### Recorded information
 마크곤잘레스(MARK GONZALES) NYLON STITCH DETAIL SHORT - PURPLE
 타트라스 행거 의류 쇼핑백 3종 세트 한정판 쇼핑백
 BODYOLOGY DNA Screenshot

---

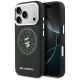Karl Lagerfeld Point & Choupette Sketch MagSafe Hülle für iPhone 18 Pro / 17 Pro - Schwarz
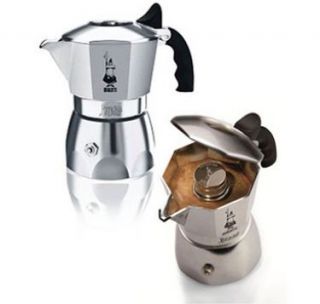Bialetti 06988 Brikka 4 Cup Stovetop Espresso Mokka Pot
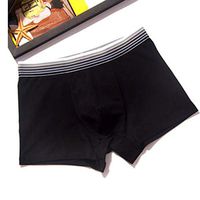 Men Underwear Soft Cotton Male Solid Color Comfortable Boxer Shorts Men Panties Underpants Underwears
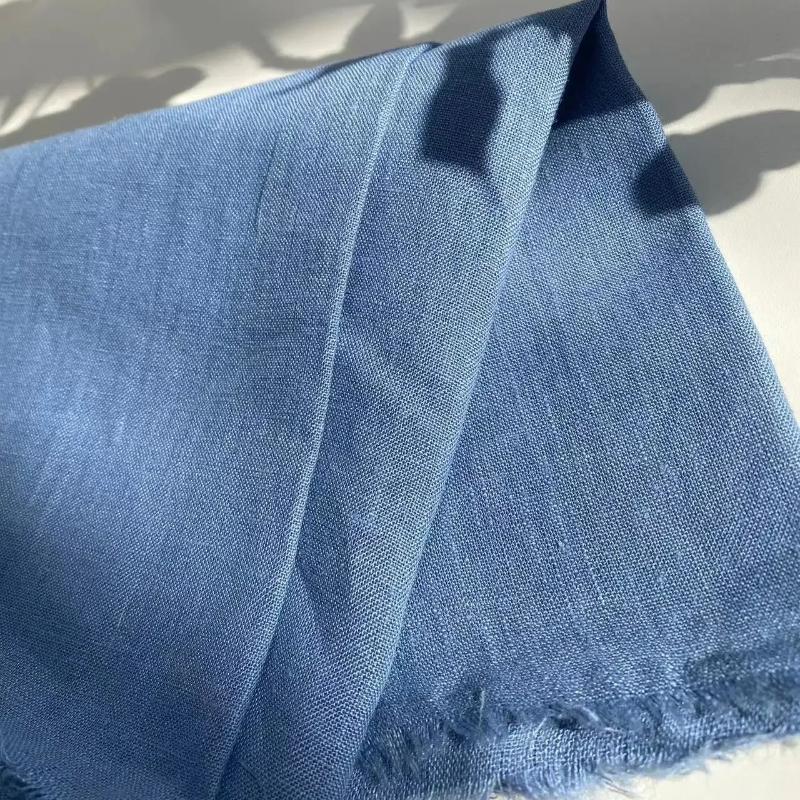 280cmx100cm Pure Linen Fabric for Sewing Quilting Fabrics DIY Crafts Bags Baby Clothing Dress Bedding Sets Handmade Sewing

### What this task involves
From the records above, quote word for word only the lines beginning at the line that has "Karl Lagerfeld Point" and stopping after the line that has "280cmx100cm Pure Linen". Omit the pictures.

### Worked solution
Karl Lagerfeld Point & Choupette Sketch MagSafe Hülle für iPhone 18 Pro / 17 Pro - Schwarz
Bialetti 06988 Brikka 4 Cup Stovetop Espresso Mokka Pot
 Men Underwear Soft Cotton Male Solid Color Comfortable Boxer Shorts Men Panties Underpants Underwears
 280cmx100cm Pure Linen Fabric for Sewing Quilting Fabrics DIY Crafts Bags Baby Clothing Dress Bedding Sets Handmade Sewing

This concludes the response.